Biostat 203B Homework 4

Due Mar 8 @ 11:59PM

Author

Your Name and UID

Display machine information:

sessionInfo()

Display my machine memory.

memuse::Sys.meminfo()

Load database libraries and the tidyverse frontend:

library(bigrquery)
library(dbplyr)
library(DBI)
library(gt)
library(gtsummary)
library(tidyverse)

Q1. Compile the ICU cohort in HW3 from the Google BigQuery database

Below is an outline of steps. In this homework, we exclusively work with the BigQuery database and should not use any MIMIC data files stored on our local computer. Transform data as much as possible in BigQuery database and collect() the tibble only at the end of Q1.7.

Q1.1 Connect to BigQuery

Authenticate with BigQuery using the service account token. Please place the service account token (shared via BruinLearn) in the working directory (same folder as your qmd file). Do not add this token to your git repository.

# path to the service account token 
satoken <- "biostat-203b-2024-winter-313290ce47a6.json"
# BigQuery authentication using service account
bq_auth(path = satoken)

Connect to BigQuery database mimic4_v2_2 in GCP (Google Cloud Platform), using the project billing account biostat-203b-2024-winter.

# connect to the BigQuery database `biostat-203b-2024-winter.mimic4_v2_2`
con_bq <- dbConnect(
    bigrquery::bigquery(),
    project = "biostat-203b-2024-winter",
    dataset = "mimic4_v2_2",
    billing = "biostat-203b-2024-winter"
)
con_bq

List all tables in the mimic4_v2_2 database.

dbListTables(con_bq)

Q1.2 icustays data

Connect to the icustays table.

# full ICU stays table
icustays_tble <- tbl(con_bq, "icustays") |>
  # show_query() |>
  print(width = Inf)

Q1.3 admissions data

Connect to the admissions table.

# # TODO
# admissions_tble <- 

Q1.4 patients data

Connect to the patients table.

# # TODO
# patients_tble <-

Q1.5 labevents data

Connect to the labevents table and retrieve a subset that only contain subjects who appear in icustays_tble and the lab items listed in HW3. Only keep the last lab measurements before the ICU stay and pivot lab items to become variables/columns. Write all steps in one chain of pipes.

# # TODO
# labevents_tble <- 

Q1.6 chartevents data

Connect to chartevents table and retrieve a subset that only contain subjects who appear in icustays_tble and the chart events listed in HW3. Only keep the first chart events during ICU stay and pivot chart events to become variables/columns. Write all steps in one chain of pipes.

# # TODO
# chartevents_tble <- 

Q1.7 Put things together

This step is similar to Q7 of HW3. Using one chain of pipes |> to perform following data wrangling steps: (i) start with the icustays_tble, (ii) merge in admissions and patients tables, (iii) keep adults only (age at ICU intime >= 18), (iv) merge in the labevents and chartevents tables, (v) collect the tibble.

# # TODO
# mimic_icu_cohort <- 

Q1.8 Preprocessing

Perform the following preprocessing steps. (i) Lump infrequent levels into “Other” level for first_careunit, last_careunit, admission_type, admission_location, and discharge_location. (ii) Collapse the levels of race into ASIAN, BLACK, HISPANIC, WHITE, and Other. (iii) Create a new variable los_long that is TRUE when los is greater than or equal to 2 days. (iv) Summarize the data using tbl_summary(), stratified by los_long. Hint: fct_lump and fct_collapse from the forcats package can be useful.

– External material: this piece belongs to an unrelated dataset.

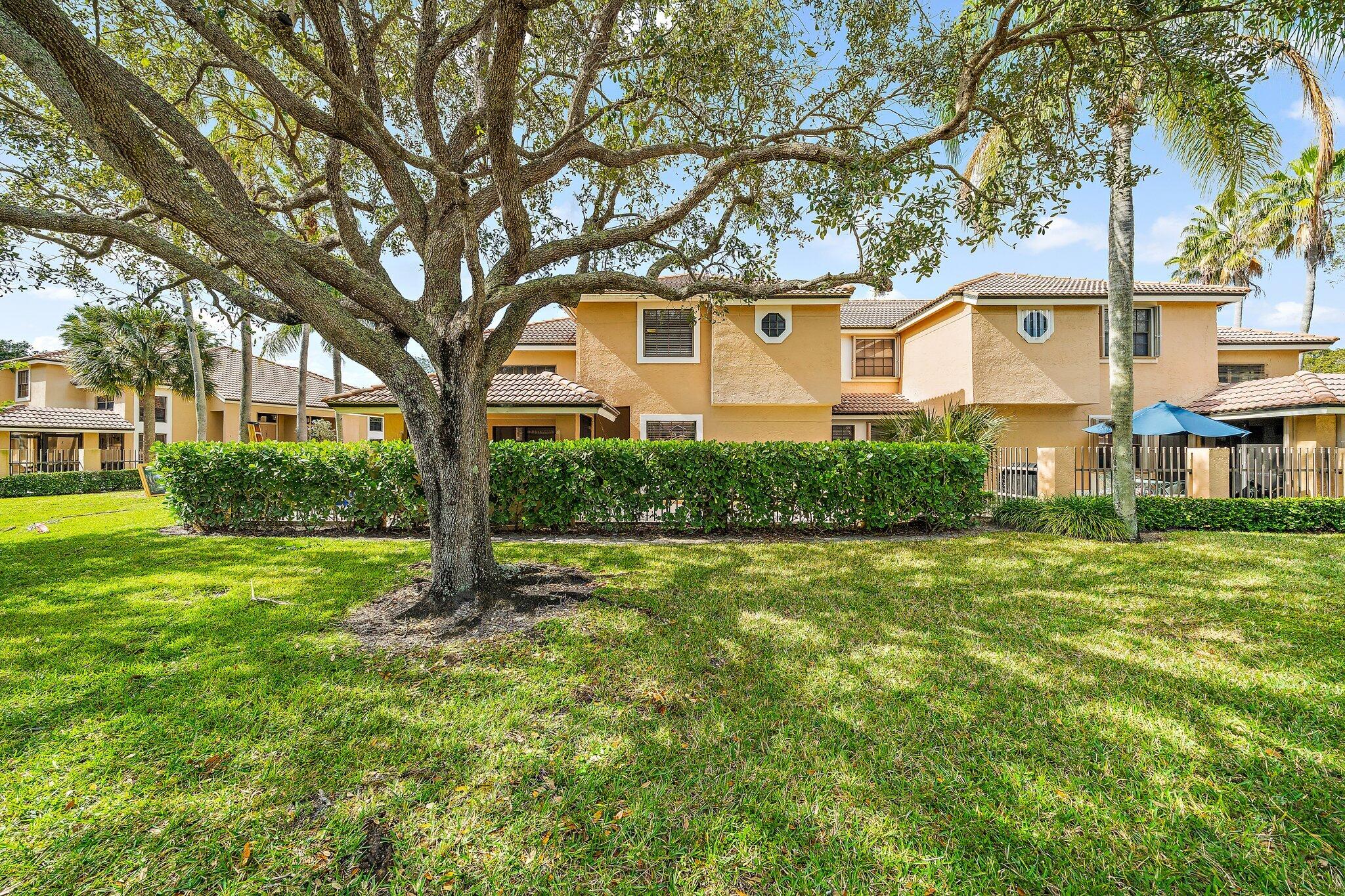 382 Prestwick Circle Unit: 2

Hint: Below is a numerical summary of my tibble after preprocessing:

Q1.9 Save the final tibble

Save the final tibble to an R data file mimic_icu_cohort.rds in the mimiciv_shiny folder.

# make a directory mimiciv_shiny
if (!dir.exists("mimiciv_shiny")) {
  dir.create("mimiciv_shiny")
}
# save the final tibble
mimic_icu_cohort |>
  write_rds("mimiciv_shiny/mimic_icu_cohort.rds", compress = "gz")

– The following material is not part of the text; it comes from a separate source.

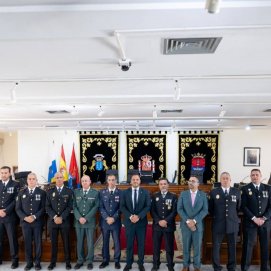 El Ayuntamiento de Arrecife ha condecorado en el Día de la Policía Local de Arercife a 29 agentes (1)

Close database connection and clear workspace.

if (exists("con_bq")) {
  dbDisconnect(con_bq)
}
rm(list = ls())

Although it is not a good practice to add big data files to git, for grading purpose, please add mimic_icu_cohort.rds to your git repository.

Q2. Shiny app

Develop a Shiny app for exploring the ICU cohort data created in Q1. The app should reside in the mimiciv_shiny folder. The app should contain at least two tabs. One tab provides easy access to the graphical and numerical summaries of variables (demographics, lab measurements, vitals) in the ICU cohort. The other allows user to choose a specific patient in the cohort and display the patient’s ADT and ICU stay information as we did in Q1 of HW3.